The ablation makes the layering case concretely. On 1,000 mixed benign-and-adversarial samples, edge-only filtering left an 86.9% attack success rate; edge plus cloud still missed hijacking at 39.2%; the full three-layer stack reached 0.88%, with a ~99.1% interception rate. Against an adaptive white-box attacker who knows the pipeline, aggregate success was 0.67% (2 of 300). DOM-fragmentation attacks that split a payload across single-character nodes slipped past the edge but were reconstructed by the cloud planner (95% of the time) and stopped at the guard.

The wider lesson is architectural: deterministic enforcement at the execution boundary can backstop probabilistic language models. As browser agents take on state-changing actions, “the model decided not to” is not a control — “the request was blocked before it left the device” is.

Defenses

The paper is itself a defense blueprint; the takeaways generalize beyond the prototype:

Separate the control plane from the data plane. Treat all web content the agent ingests as untrusted, and don’t let it redefine the user’s goal. The same instinct behind Site Isolation, applied to the context window.
Gate side effects deterministically. Put a model-free interceptor between plans and actions. Allowlist origins, constrain HTTP verbs to the declared intent (a read-only task should never issue a DELETE or a parameterized outbound GET), and fail closed on anything ambiguous.
Filter presentation-layer tricks at the source.
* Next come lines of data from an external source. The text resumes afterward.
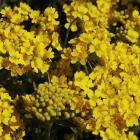 Aurinia saxatilis
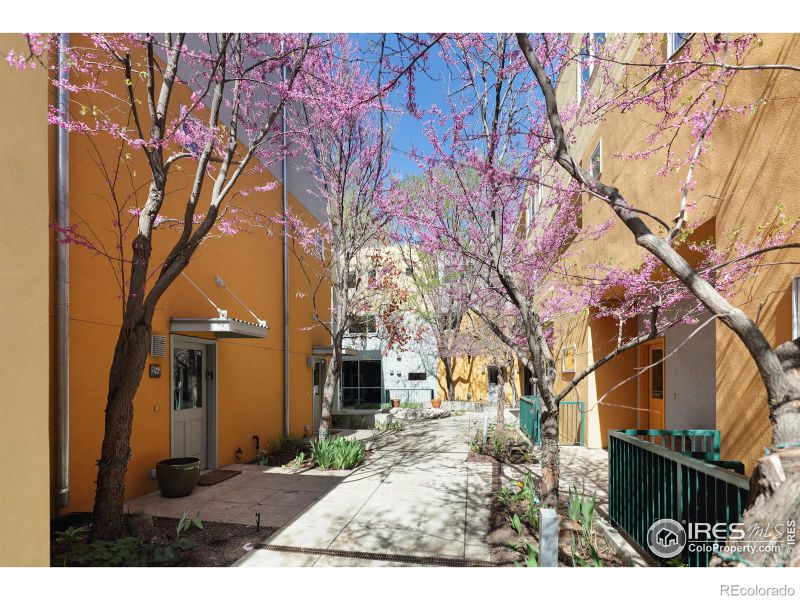 730 Tenacity, Longmont, CO 80504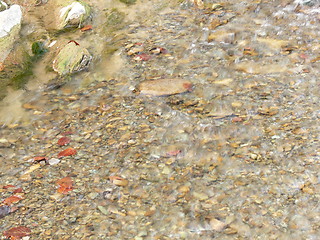 Image showing river with leafs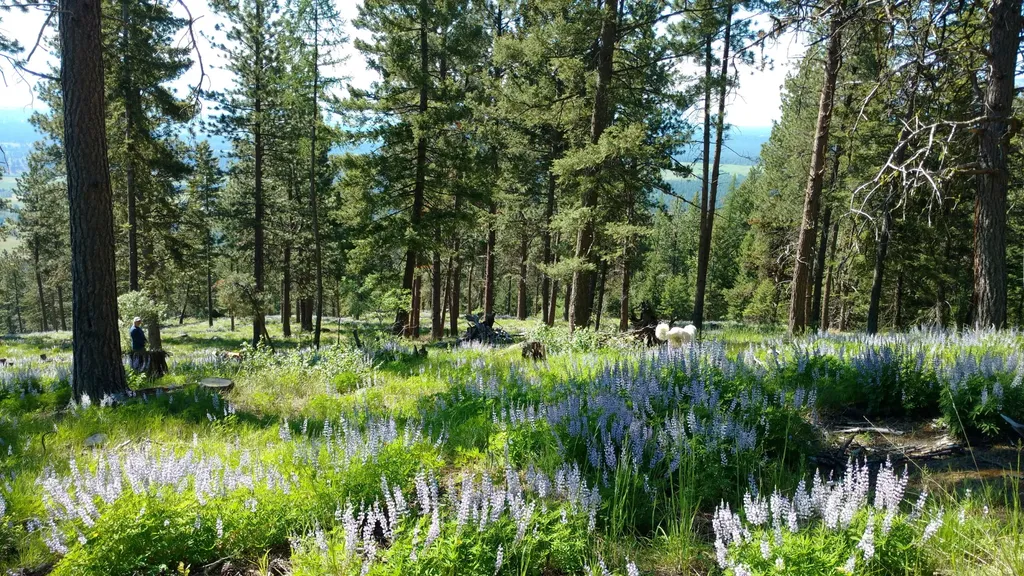 956 And 952 Falling Star Road Victor MT 59875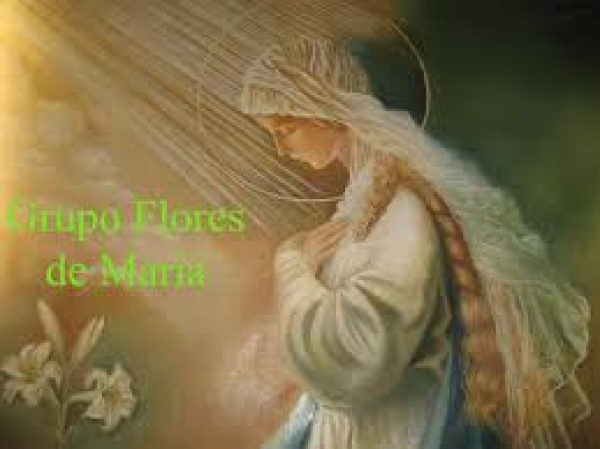 Maria, Mulher de Aço e de flores - Parte 2/5 - Pe. Fábio de Melo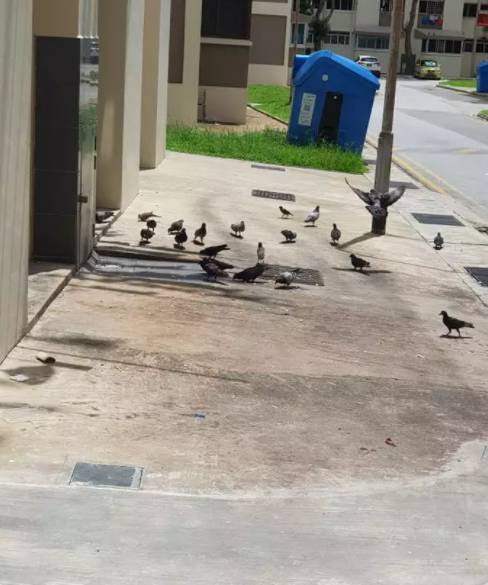 Aljunied社區一些居民從窗戶亂丟垃圾,這也太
Compare rendered output against raw DOM and drop invisible or off-screen text before it enters the prompt — cheaply, on-device, before any cloud call.
Don’t trust a small on-device model as a semantic judge. The edge layer missed 86.9% of semantic jailbreaks; it is a fast pre-filter, not the safety mechanism. Escalate hard cases to a stronger model.
Add a human for high-stakes or ambiguous actions. The residual failures were “benign-wrapping” attacks (2.0%) that talked the planner into a permissive mode, plus a 1.7% false-positive rate on legitimate tasks — both arguments for an interactive confirmation step rather than silent allow/deny. This echoes the broader debate on whether firewalls alone are enough or stronger benchmarks are needed.

Status

Item	Reference	Notes
Paper	arXiv:2603.23791	Lan & Kaul, eBay Inc, 24 Mar 2026
Architecture	Cognitive Firewall — Sentinel / Planner / Guard	Split-compute, defense-in-depth, fail-closed
Edge model	Gemini Nano (Chrome built-in AI)	~0.06 ms, blocks visual obfuscation
Cloud model	Llama 3 8B / GPT-4 (prototype)	Security-analyst prompt, semantic checks
Result	ASR 100% → 0.88% static, 0.67% adaptive	N = 1,000; ~99.1% interception
Known limits	Image-based injection bypasses Layer 1; 1.7% false positives; ~950 ms full-pipeline latency	Prototype, not real-world traffic

The takeaway: browser agents collapse code and data into one token stream, so semantic checks will always be probabilistic and occasionally wrong. The Cognitive Firewall’s contribution is to stop treating that as the last line of defense — and to put a deterministic, fail-closed guard at the point where reasoning turns into a real-world action.